What needs to be done =>
Please give back, exactly as written, the lines from the line with "Ceinture tressée IKKS Noir" to the line with "Funko Pop! 178" in the listing below, leaving out all pictures.

Input data =>
■ ■ ■ ■ ■

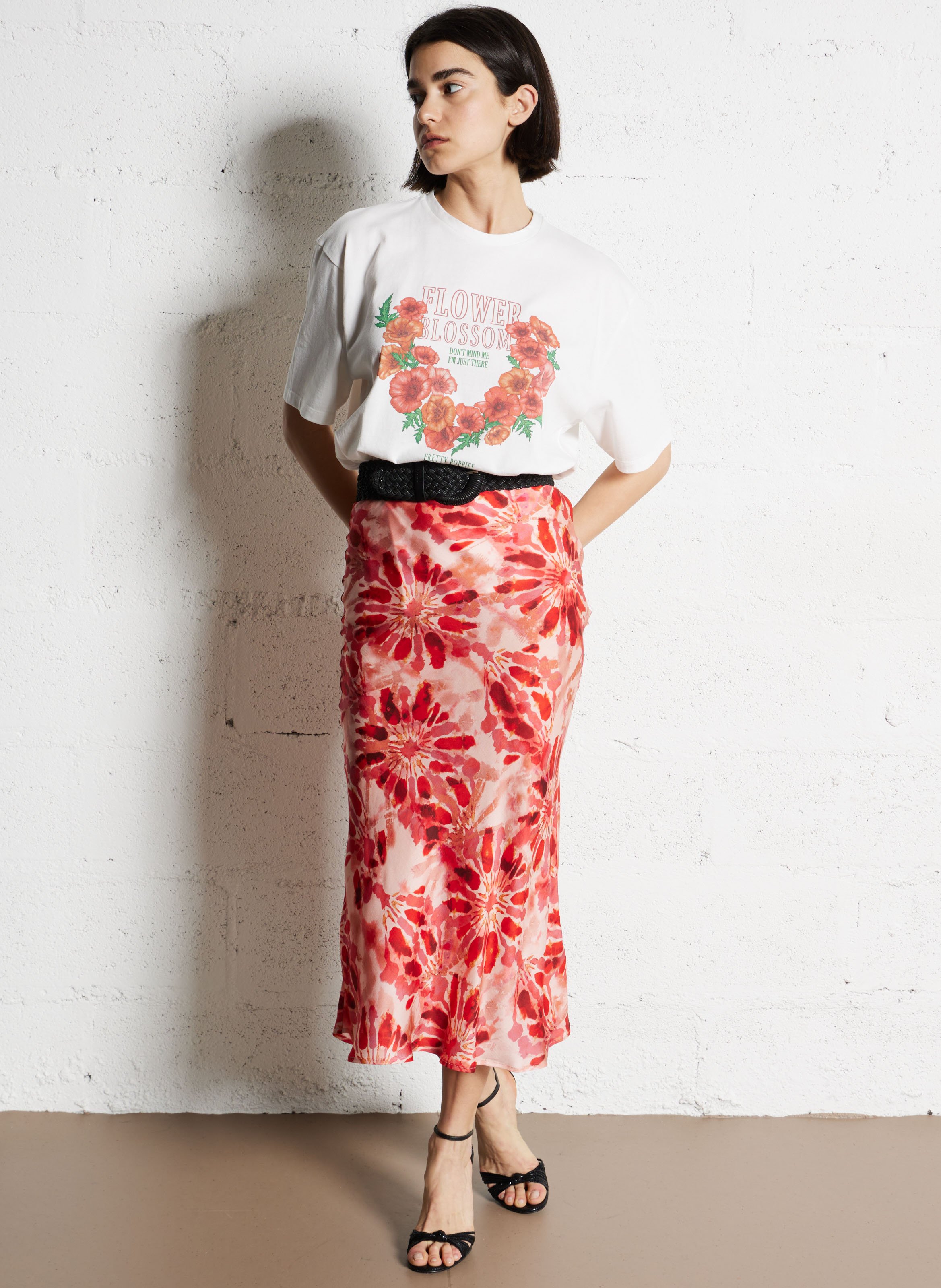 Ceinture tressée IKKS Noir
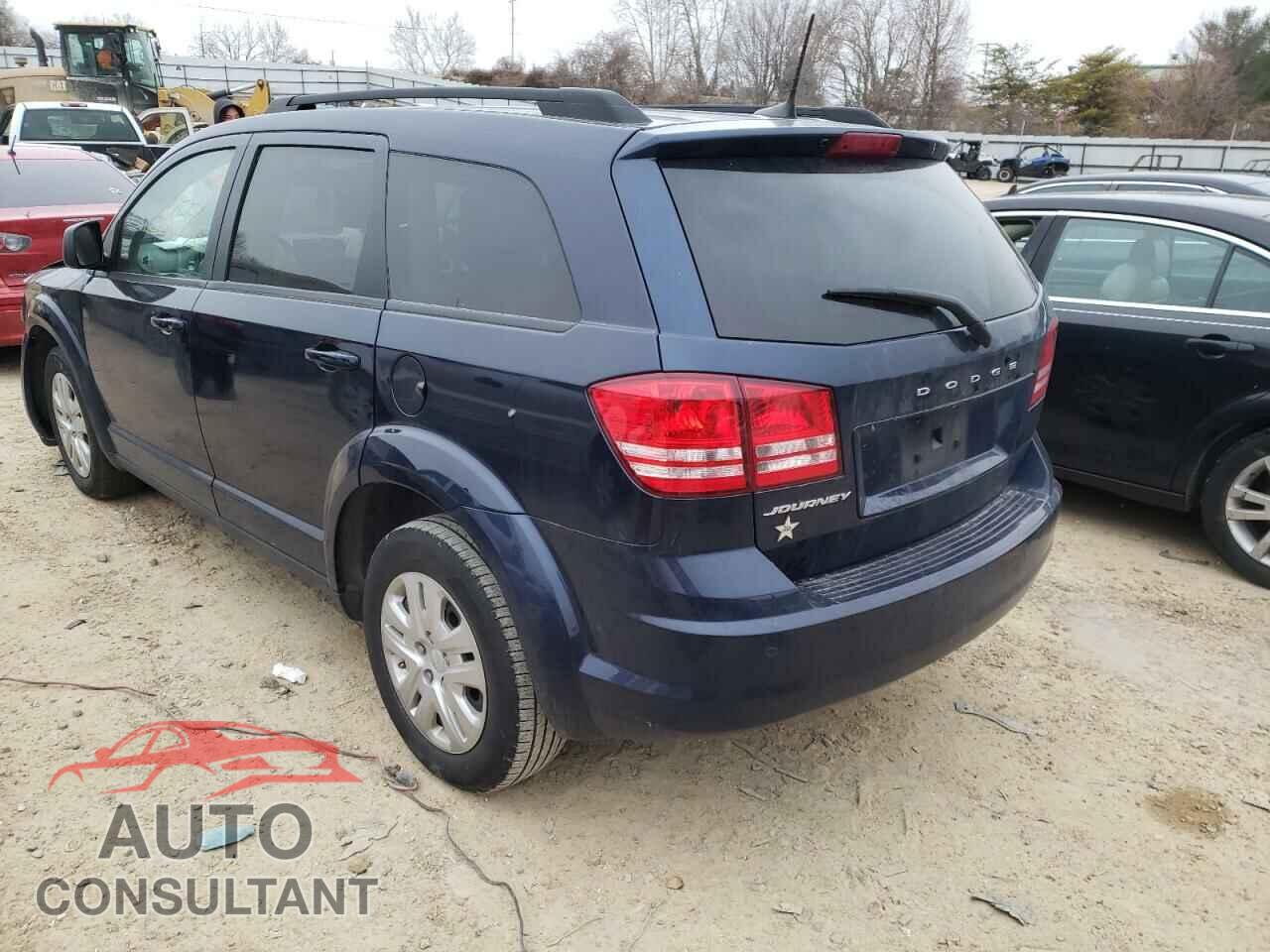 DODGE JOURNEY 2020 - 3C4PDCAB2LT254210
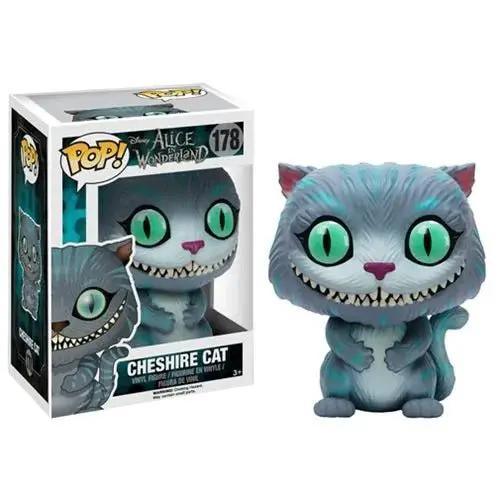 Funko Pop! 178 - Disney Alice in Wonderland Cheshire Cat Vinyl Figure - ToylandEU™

■ ■ ■ ■ ■

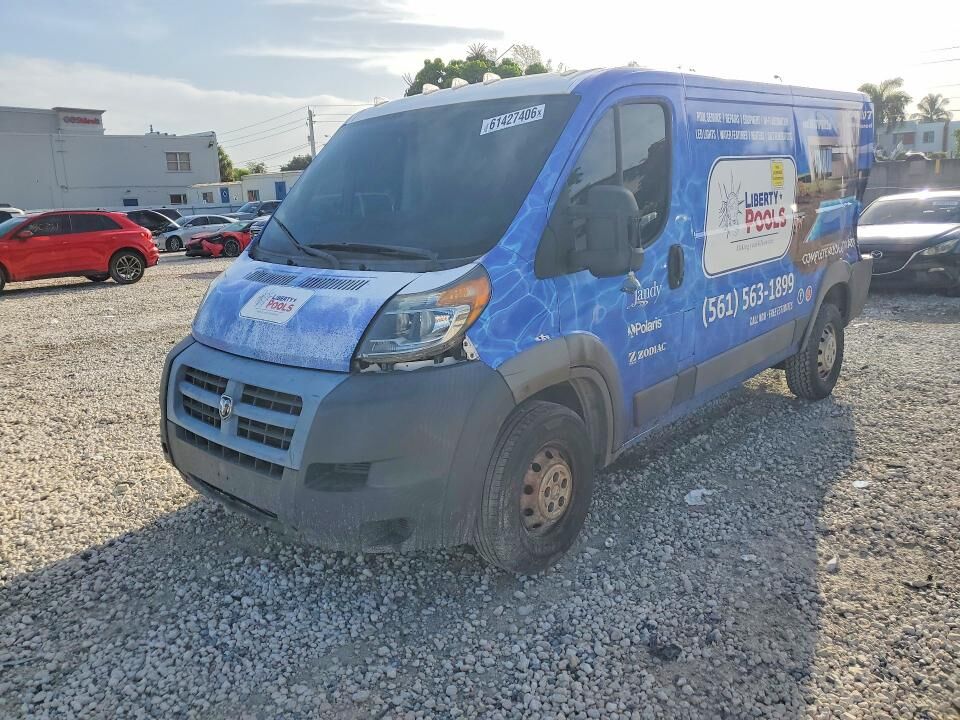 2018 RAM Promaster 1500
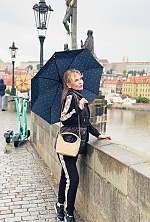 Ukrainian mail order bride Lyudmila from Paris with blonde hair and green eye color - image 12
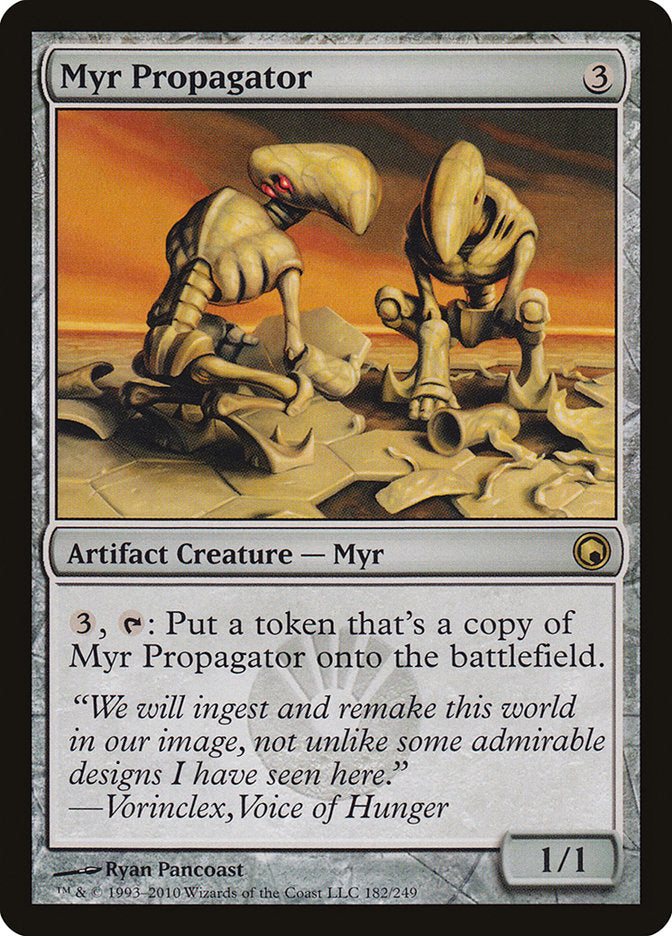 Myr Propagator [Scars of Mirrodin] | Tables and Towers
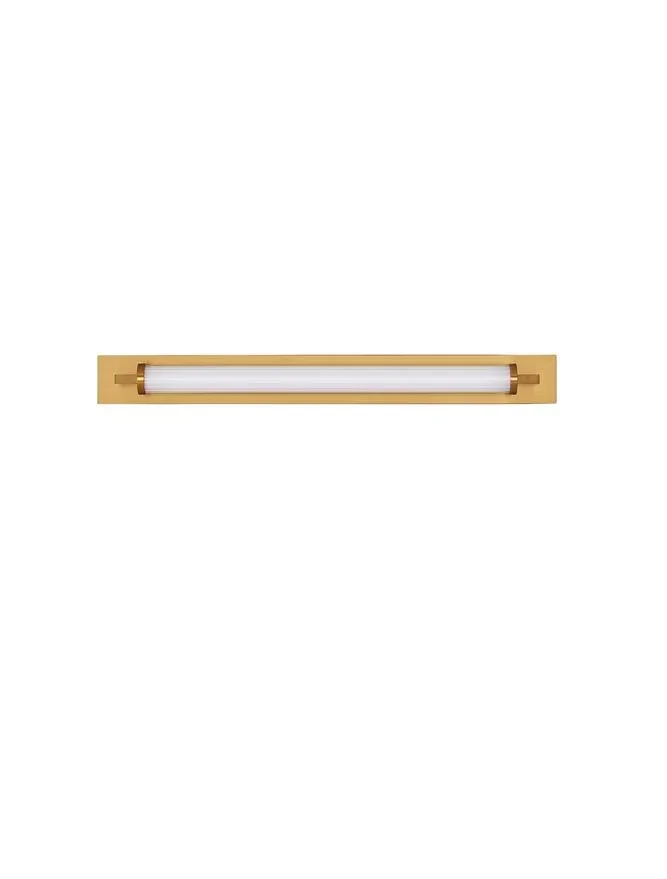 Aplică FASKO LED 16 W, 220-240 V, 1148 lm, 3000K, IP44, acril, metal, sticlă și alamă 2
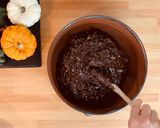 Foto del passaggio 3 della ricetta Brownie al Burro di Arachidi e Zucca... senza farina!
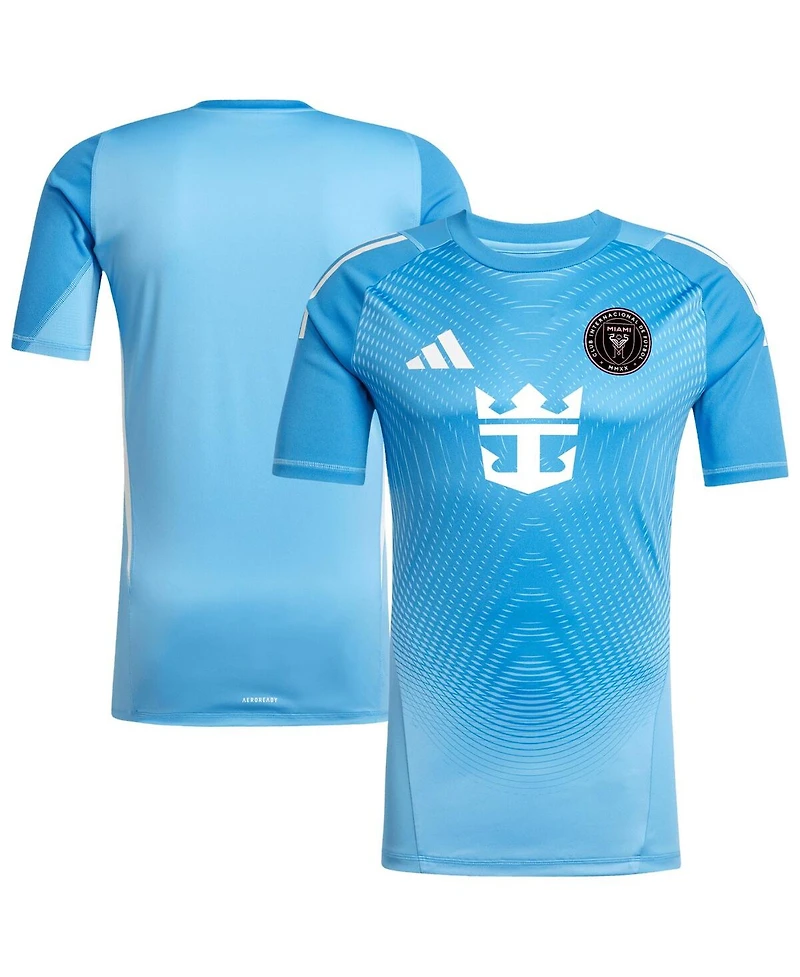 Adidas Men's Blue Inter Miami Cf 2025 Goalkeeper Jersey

■ ■ ■ ■ ■

Response area =>
 Ceinture tressée IKKS Noir
 DODGE JOURNEY 2020 - 3C4PDCAB2LT254210
 Funko Pop! 178 - Disney Alice in Wonderland Cheshire Cat Vinyl Figure - ToylandEU™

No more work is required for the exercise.